> [Provided data]:
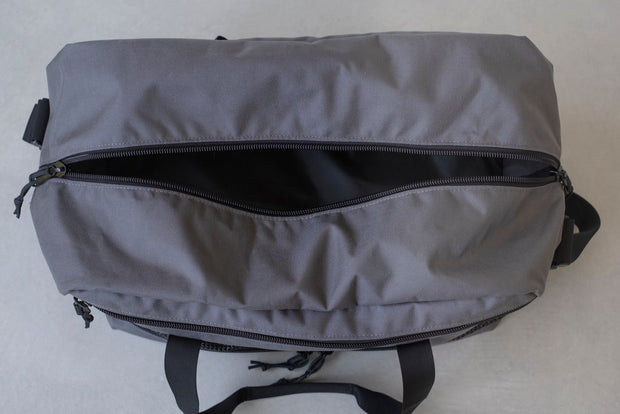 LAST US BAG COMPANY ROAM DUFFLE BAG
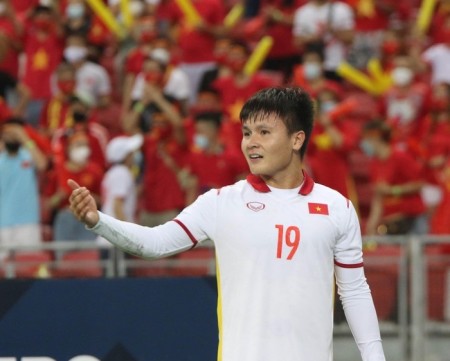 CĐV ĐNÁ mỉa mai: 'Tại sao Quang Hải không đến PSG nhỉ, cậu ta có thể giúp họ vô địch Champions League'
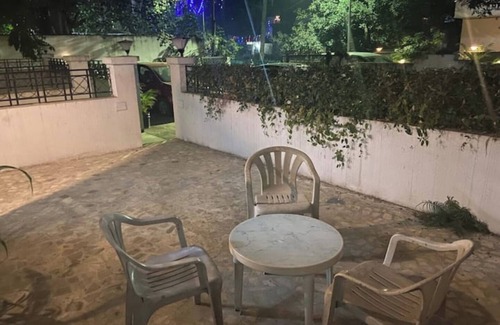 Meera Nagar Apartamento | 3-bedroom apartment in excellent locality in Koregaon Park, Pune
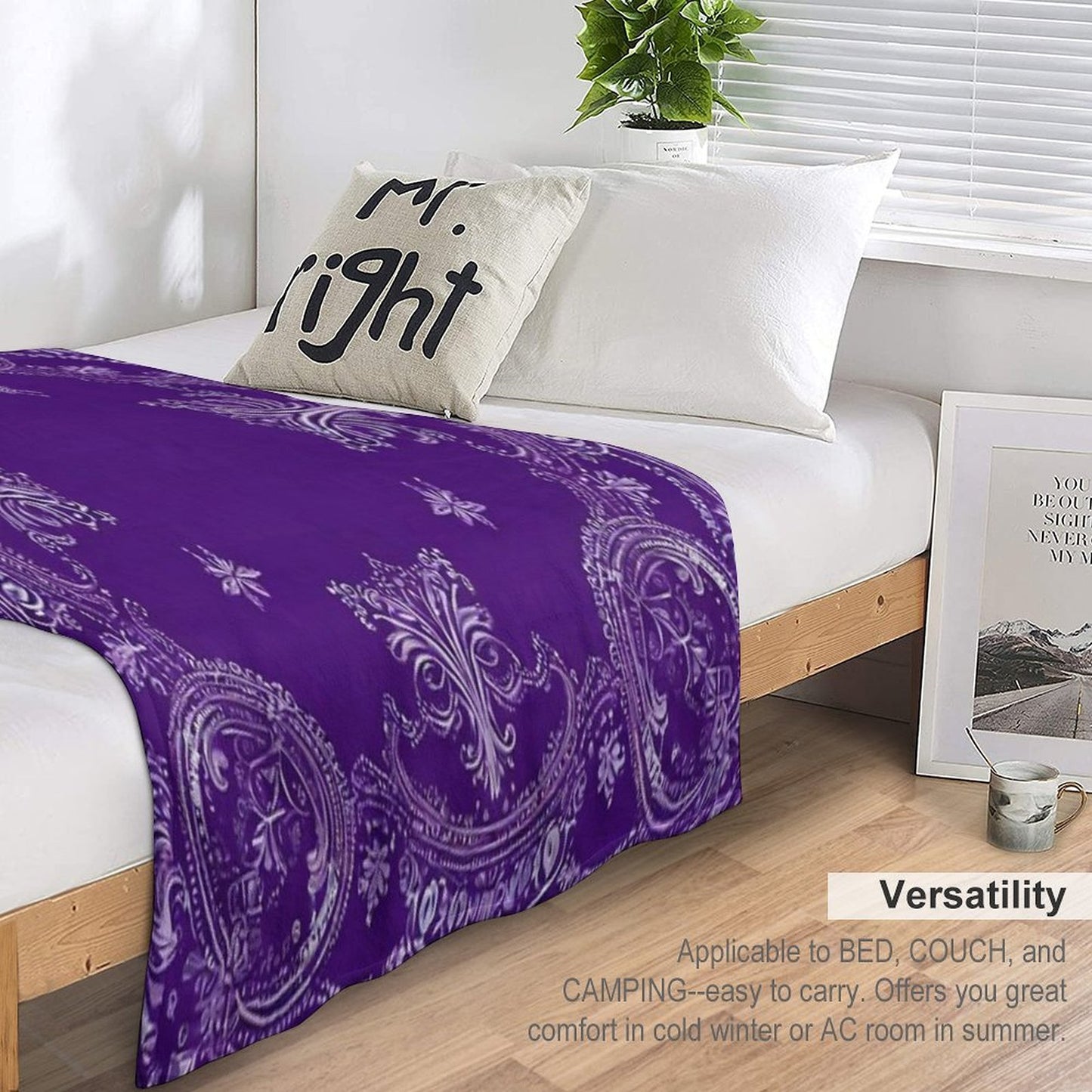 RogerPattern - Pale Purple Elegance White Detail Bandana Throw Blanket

> [Your goal]:
Restate the material above word for word, omitting the pictures.

> [Answer to this problem]:
 LAST US BAG COMPANY ROAM DUFFLE BAG
 CĐV ĐNÁ mỉa mai: 'Tại sao Quang Hải không đến PSG nhỉ, cậu ta có thể giúp họ vô địch Champions League'
 Meera Nagar Apartamento | 3-bedroom apartment in excellent locality in Koregaon Park, Pune
 RogerPattern - Pale Purple Elegance White Detail Bandana Throw Blanket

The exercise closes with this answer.